Parecía alguna receta secreta porque Crystal asintió felizmente en acuerdo.
Después de terminar la receta de Crystal, Snow de repente me miró:
—Señorita, no te ves bien. ¿Realmente no quieres un chequeo? No me refiero a nada más. Es solo que acabo de regresar al país y necesito dinero, y mi tarifa de consulta es muy alta, la receta aún más. ¿Te gustaría probar?
Fruncí el ceño ligeramente y luego relajé mi expresión:
—Claro, probemos.
Snow inmediatamente vino a sentarse a mi lado, extendiendo su mano para tomarme el pulso, y noté un tatuaje de la letra mayúscula H en la base de su pulgar.
Miré fijamente esa letra, y Snow pareció sentir mi atención. Explicó con calma:
—La H es la inicial del nombre de mi hijo, su nombre es Harvey.
—Hmm, eres una buena madre —me di cuenta de mi falta de cortesía. Incluso si dudaba de sus habilidades, no tenía pruebas ni necesidad de examinar cada pequeño detalle.

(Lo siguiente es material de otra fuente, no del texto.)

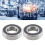 6206RS Lager 2x Silber 30mm ID 62mm OD 1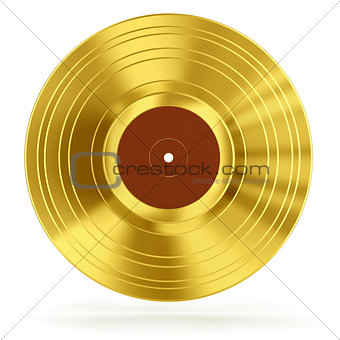gold vinyl with retro sign - 3D render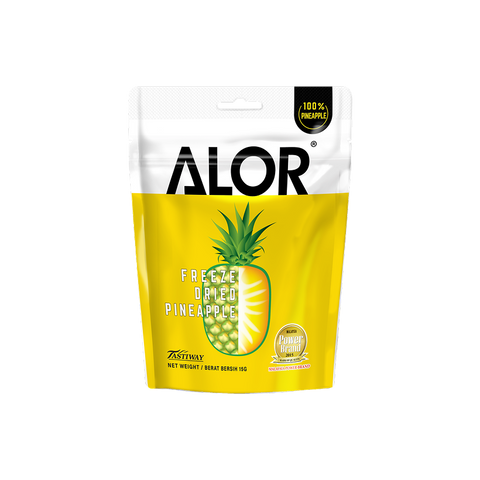 ALOR Freeze Dried Pineapple, 15g (6 or 12 packs)
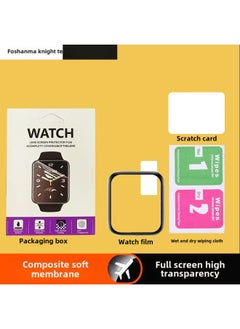 Generic For Apple IWatch Ultra Watch Film IWatch S9 S8 S7 S6 Full Screen Watch Hydraulic Film-Color:Black Edge  Boxed-Size:【49MM】iWatch Ultra/2/3  - Image 1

La voz de Snow llevaba un toque de risa:
—Sí, mi hijo lo es todo para mí. Lo crié sola, él es mi alma y corazón.
—¿Qué hay de su papá? —no pude evitar soltar.
—Su papá y yo tuvimos algunos desacuerdos y nunca estuvimos juntos —el tono de Snow tenía un toque de arrepentimiento—. Ahora el niño quiere encontrar a su papá, así que regresé al país, esperando que puedan conocerse. Si puedo darle una familia completa, estoy dispuesta a comprometerme.
Crystal y yo intercambiamos miradas, sin esperar esta historia de la Dra. Snow.
¿Quién podría ser el padre de su hijo?